Djanggawul cycle

Related civilizations: Australian Aborigine, Yolngu.

Date: possibly as old as 50,000 b.c.e.

Locale: Oceania document of the Bawinanga region, Arhhem Land, northern coastal Australia

Djanggawul cycle

The Djanggawul song cycle tells the story of three ancestral beings and their travels through the Millingimbi region. Made up of 188 songs, it chronicles how three children of the Sun, the two sisters Bildjiwuaroju and Miralaldu (who taught human beings to hunt and gather in Dreamtime), and the brother Djanggawul fertilized the ancient landscape with their dreamings and brought the world into being by naming the plants, animals, and places they crossed over.

These narratives of the Aboriginal Australians are primarily about land, the journeys of the Ancestors to creation sites where they created the different clans and animals and plants, battles for power and knowledge among them, and the ritual journeys of the totems that represent each clan.

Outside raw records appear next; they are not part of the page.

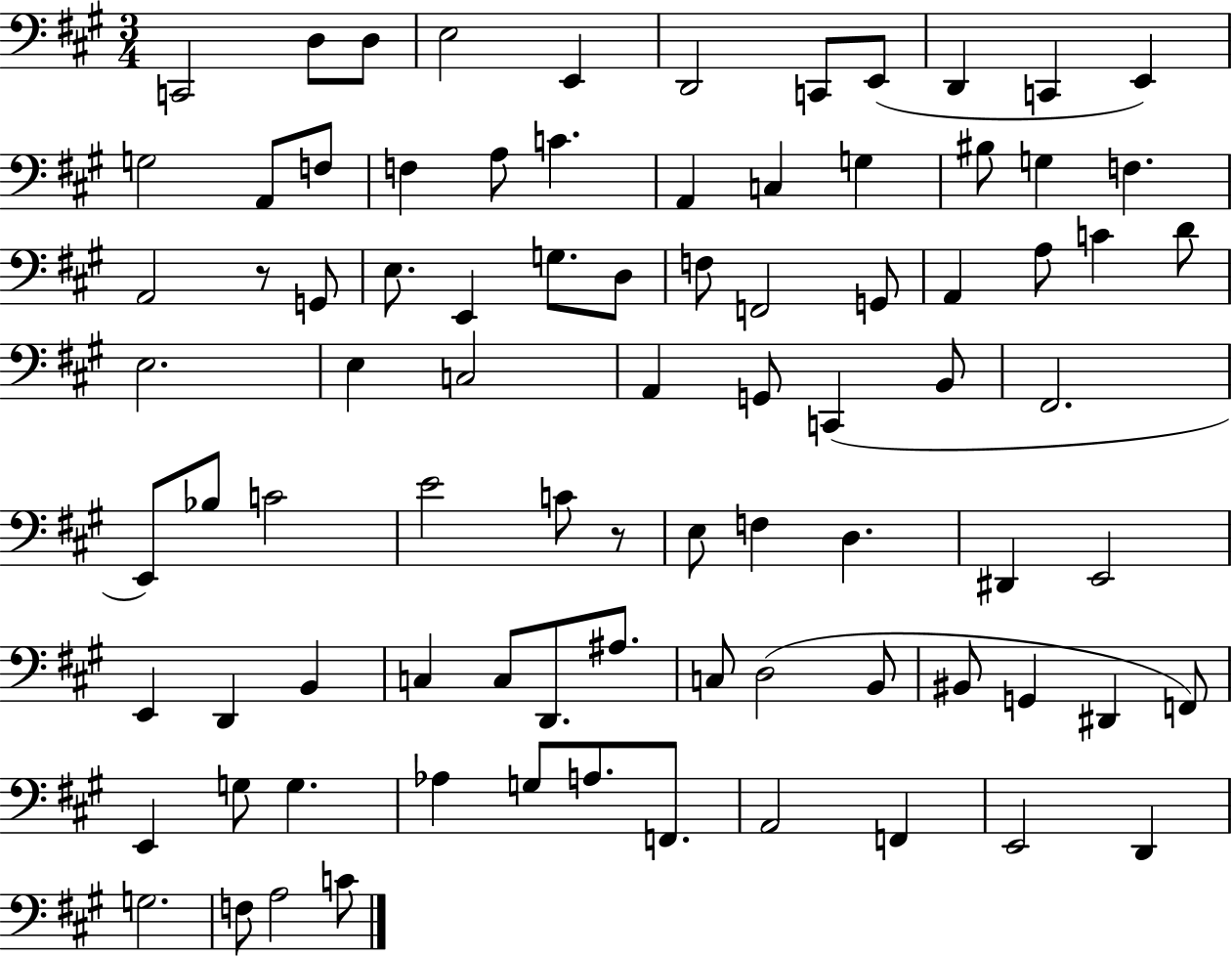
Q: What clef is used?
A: bass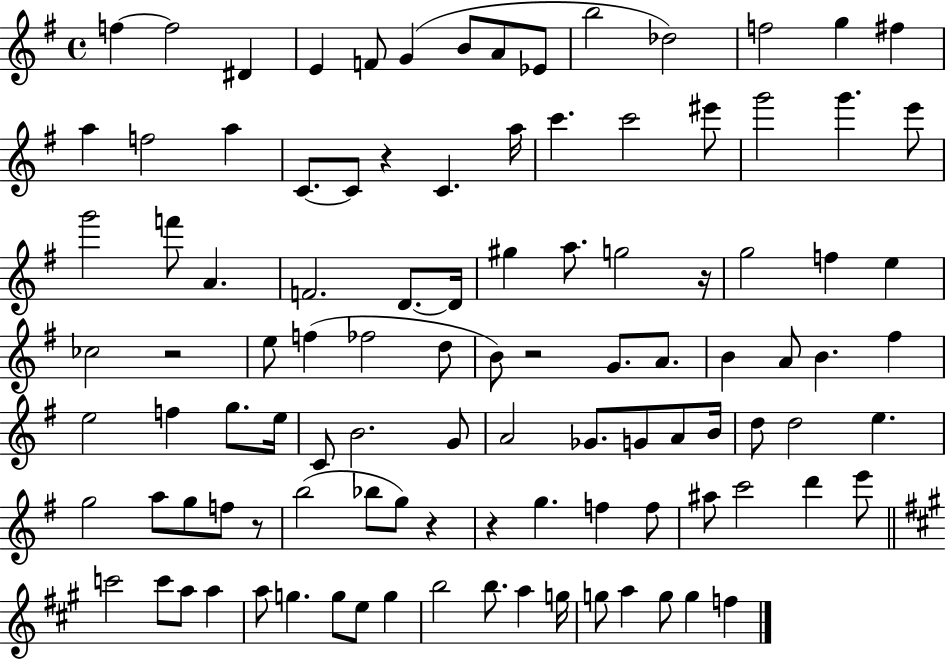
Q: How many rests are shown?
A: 7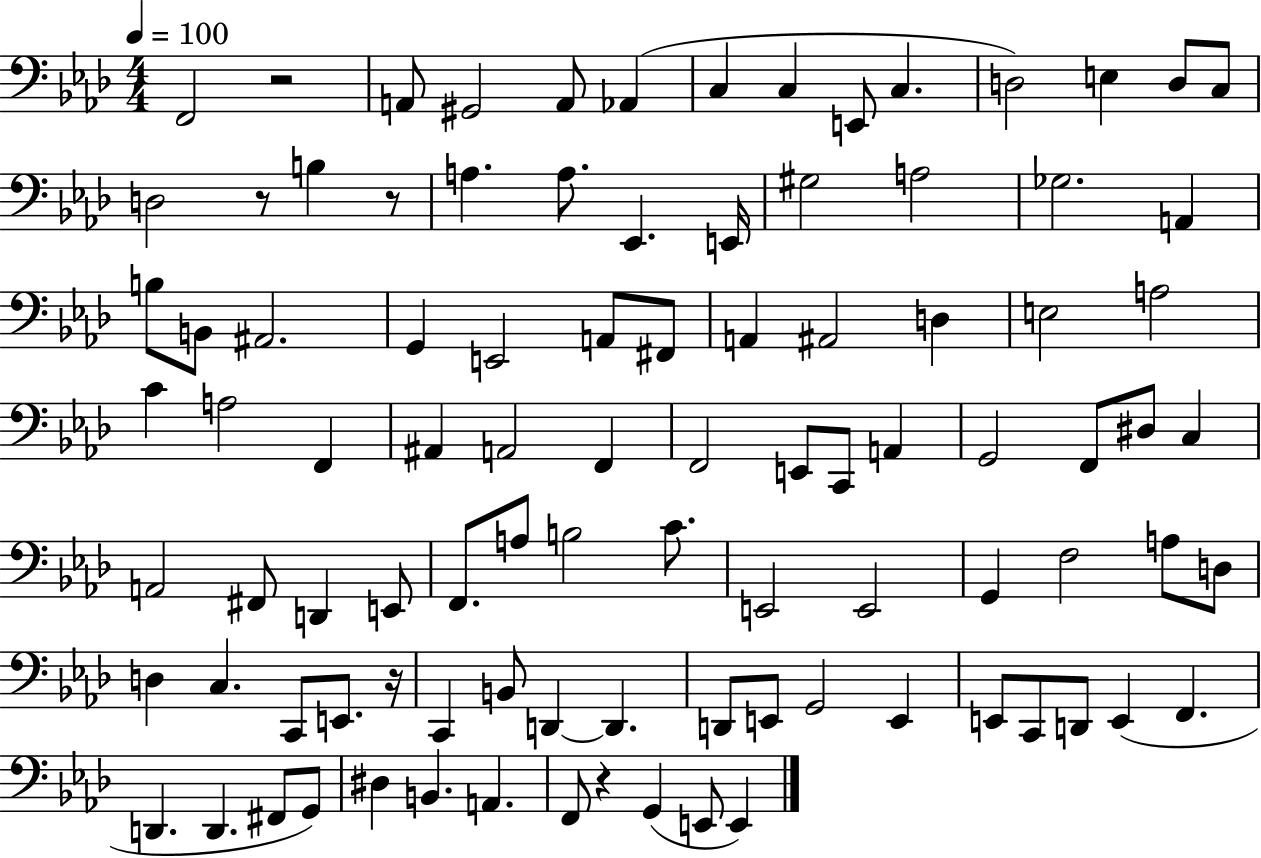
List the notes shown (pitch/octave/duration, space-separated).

F2/h R/h A2/e G#2/h A2/e Ab2/q C3/q C3/q E2/e C3/q. D3/h E3/q D3/e C3/e D3/h R/e B3/q R/e A3/q. A3/e. Eb2/q. E2/s G#3/h A3/h Gb3/h. A2/q B3/e B2/e A#2/h. G2/q E2/h A2/e F#2/e A2/q A#2/h D3/q E3/h A3/h C4/q A3/h F2/q A#2/q A2/h F2/q F2/h E2/e C2/e A2/q G2/h F2/e D#3/e C3/q A2/h F#2/e D2/q E2/e F2/e. A3/e B3/h C4/e. E2/h E2/h G2/q F3/h A3/e D3/e D3/q C3/q. C2/e E2/e. R/s C2/q B2/e D2/q D2/q. D2/e E2/e G2/h E2/q E2/e C2/e D2/e E2/q F2/q. D2/q. D2/q. F#2/e G2/e D#3/q B2/q. A2/q. F2/e R/q G2/q E2/e E2/q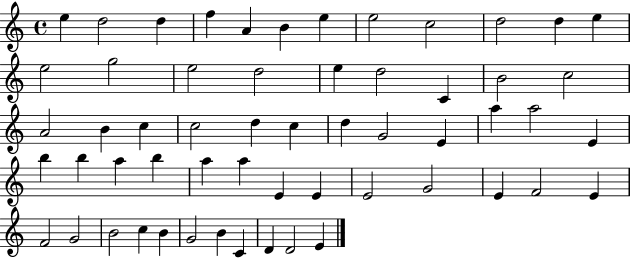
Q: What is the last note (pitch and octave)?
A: E4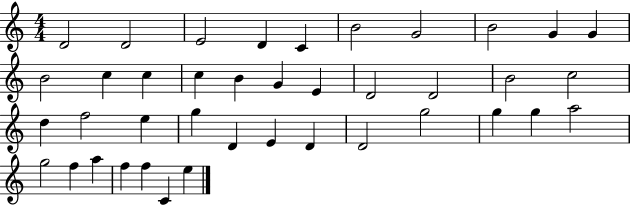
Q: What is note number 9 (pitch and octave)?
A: G4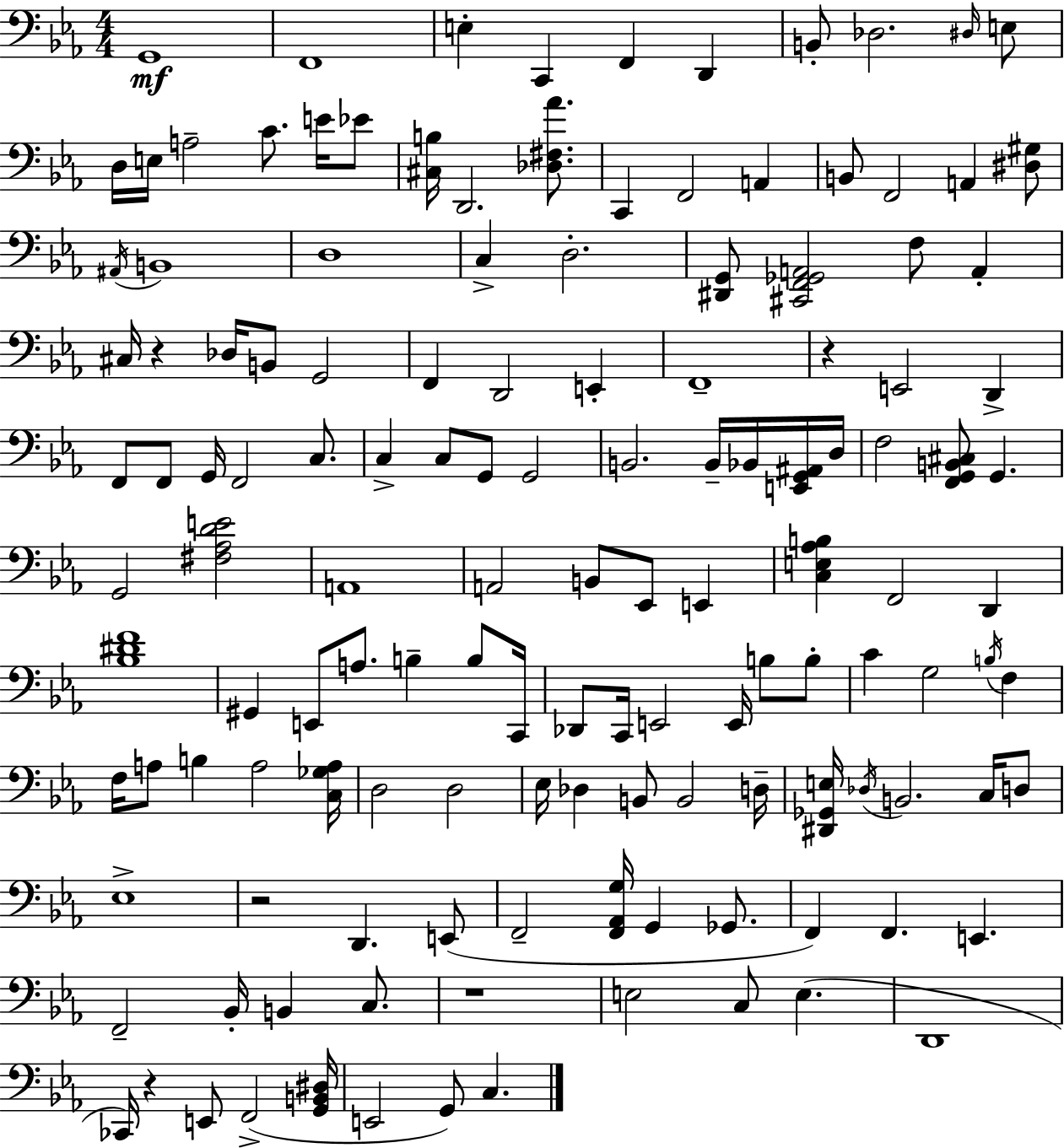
X:1
T:Untitled
M:4/4
L:1/4
K:Eb
G,,4 F,,4 E, C,, F,, D,, B,,/2 _D,2 ^D,/4 E,/2 D,/4 E,/4 A,2 C/2 E/4 _E/2 [^C,B,]/4 D,,2 [_D,^F,_A]/2 C,, F,,2 A,, B,,/2 F,,2 A,, [^D,^G,]/2 ^A,,/4 B,,4 D,4 C, D,2 [^D,,G,,]/2 [^C,,F,,_G,,A,,]2 F,/2 A,, ^C,/4 z _D,/4 B,,/2 G,,2 F,, D,,2 E,, F,,4 z E,,2 D,, F,,/2 F,,/2 G,,/4 F,,2 C,/2 C, C,/2 G,,/2 G,,2 B,,2 B,,/4 _B,,/4 [E,,G,,^A,,]/4 D,/4 F,2 [F,,G,,B,,^C,]/2 G,, G,,2 [^F,_A,DE]2 A,,4 A,,2 B,,/2 _E,,/2 E,, [C,E,_A,B,] F,,2 D,, [_B,^DF]4 ^G,, E,,/2 A,/2 B, B,/2 C,,/4 _D,,/2 C,,/4 E,,2 E,,/4 B,/2 B,/2 C G,2 B,/4 F, F,/4 A,/2 B, A,2 [C,_G,A,]/4 D,2 D,2 _E,/4 _D, B,,/2 B,,2 D,/4 [^D,,_G,,E,]/4 _D,/4 B,,2 C,/4 D,/2 _E,4 z2 D,, E,,/2 F,,2 [F,,_A,,G,]/4 G,, _G,,/2 F,, F,, E,, F,,2 _B,,/4 B,, C,/2 z4 E,2 C,/2 E, D,,4 _C,,/4 z E,,/2 F,,2 [G,,B,,^D,]/4 E,,2 G,,/2 C,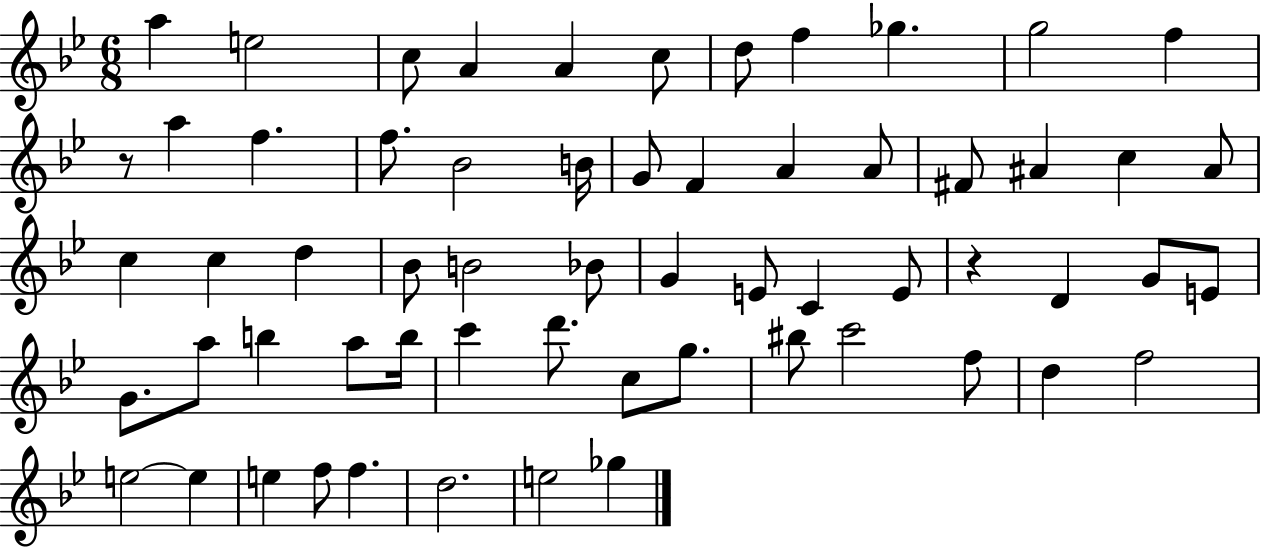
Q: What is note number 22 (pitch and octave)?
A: A#4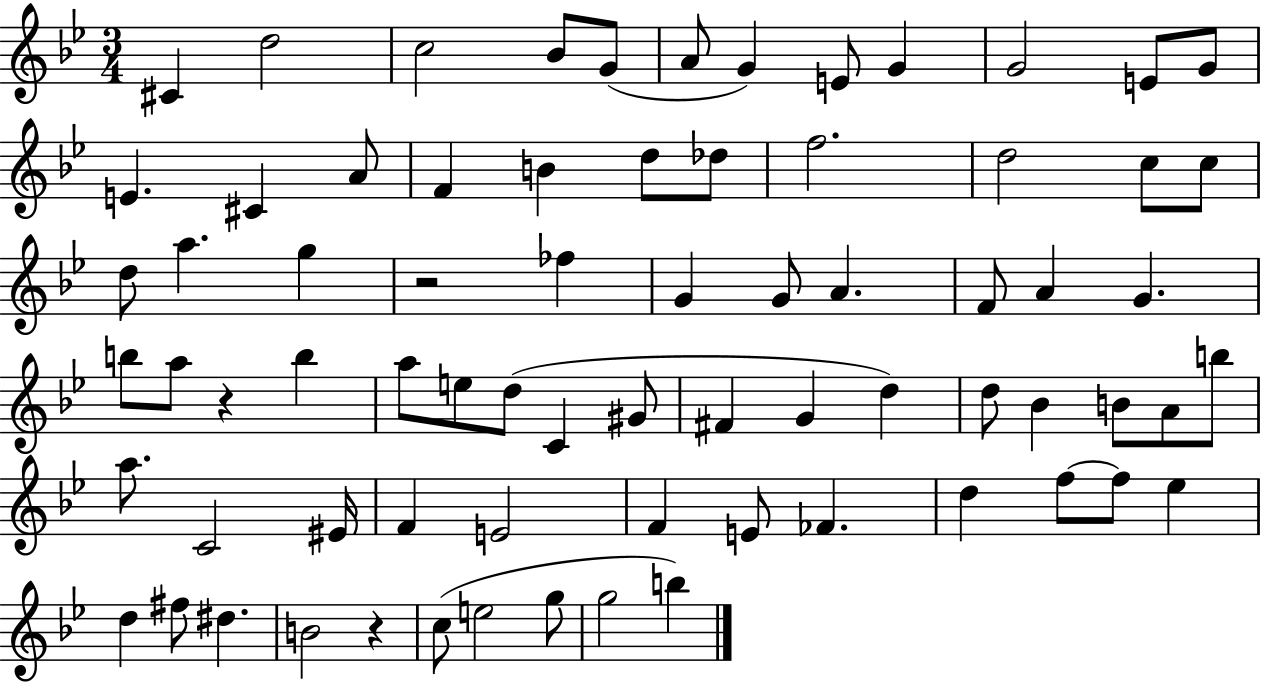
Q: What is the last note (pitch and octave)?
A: B5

Individual songs, usually acted out, dealing with one or two totems (like Native American totems) associated with a specific area, may constitute a song cycle. Each clan knows only a song cycle segment, and these are exchanged at meeting points to maintain the continuity of dreaming, creation, time, space, and human life.

Besides covering the mythic fertilizing and creation of the world, the cycle clarifies and defines the nature and meaning of relationships between men and women and their respective powers and knowledge, making it clear that the original source of all power in the Dreaming comes from, and through, the women.

Bibliography

Isaacs, Jennifer. Australian Dreaming: Forty Thousand Years of Aboriginal History. Sydney: Lansdowne Press, 1980.

Narogin, Mudrooroo. The Indigenous Literature of Australia: Milli Milli Wangka. South Melbourne, Australia: Hyland House, 1997.